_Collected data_
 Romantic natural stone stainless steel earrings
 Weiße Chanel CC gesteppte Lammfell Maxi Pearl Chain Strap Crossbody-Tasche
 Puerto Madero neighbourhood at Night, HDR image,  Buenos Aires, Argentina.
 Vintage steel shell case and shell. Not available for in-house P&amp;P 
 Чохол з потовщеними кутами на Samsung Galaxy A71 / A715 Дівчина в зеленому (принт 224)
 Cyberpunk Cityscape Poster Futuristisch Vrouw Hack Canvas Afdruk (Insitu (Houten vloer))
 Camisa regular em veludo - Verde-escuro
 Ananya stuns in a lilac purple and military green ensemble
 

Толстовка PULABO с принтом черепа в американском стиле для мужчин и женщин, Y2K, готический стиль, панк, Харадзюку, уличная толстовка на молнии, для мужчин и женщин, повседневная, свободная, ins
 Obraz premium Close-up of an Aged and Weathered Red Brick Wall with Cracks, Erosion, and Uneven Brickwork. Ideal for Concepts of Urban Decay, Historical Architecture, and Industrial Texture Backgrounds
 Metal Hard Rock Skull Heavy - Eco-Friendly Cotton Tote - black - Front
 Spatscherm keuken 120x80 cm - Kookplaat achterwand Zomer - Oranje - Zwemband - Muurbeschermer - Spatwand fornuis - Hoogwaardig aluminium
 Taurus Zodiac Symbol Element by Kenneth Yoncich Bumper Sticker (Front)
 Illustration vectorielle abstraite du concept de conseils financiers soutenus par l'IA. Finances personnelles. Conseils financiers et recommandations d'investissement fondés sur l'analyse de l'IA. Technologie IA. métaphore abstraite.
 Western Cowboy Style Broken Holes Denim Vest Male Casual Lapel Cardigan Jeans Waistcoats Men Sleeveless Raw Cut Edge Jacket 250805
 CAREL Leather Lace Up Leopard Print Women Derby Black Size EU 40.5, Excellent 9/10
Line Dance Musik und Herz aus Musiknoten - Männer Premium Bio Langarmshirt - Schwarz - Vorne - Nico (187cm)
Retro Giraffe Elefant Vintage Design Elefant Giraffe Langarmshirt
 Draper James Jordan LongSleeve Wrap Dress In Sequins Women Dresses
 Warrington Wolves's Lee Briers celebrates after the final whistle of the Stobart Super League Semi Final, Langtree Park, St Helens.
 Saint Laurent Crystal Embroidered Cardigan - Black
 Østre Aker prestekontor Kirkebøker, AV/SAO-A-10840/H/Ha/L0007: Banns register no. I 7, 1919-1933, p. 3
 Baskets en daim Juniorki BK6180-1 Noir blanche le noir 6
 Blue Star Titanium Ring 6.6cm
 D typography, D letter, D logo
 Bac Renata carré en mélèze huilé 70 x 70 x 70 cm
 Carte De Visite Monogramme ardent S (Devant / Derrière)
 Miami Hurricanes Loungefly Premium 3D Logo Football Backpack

_Work task_
Please return only the lines above, starting at the line that has "Draper James Jordan" and ending at the line that has "Saint Laurent Crystal", keeping both and leaving each one unchanged.

_Response to the exercise_
 Draper James Jordan LongSleeve Wrap Dress In Sequins Women Dresses
 Warrington Wolves's Lee Briers celebrates after the final whistle of the Stobart Super League Semi Final, Langtree Park, St Helens.
 Saint Laurent Crystal Embroidered Cardigan - Black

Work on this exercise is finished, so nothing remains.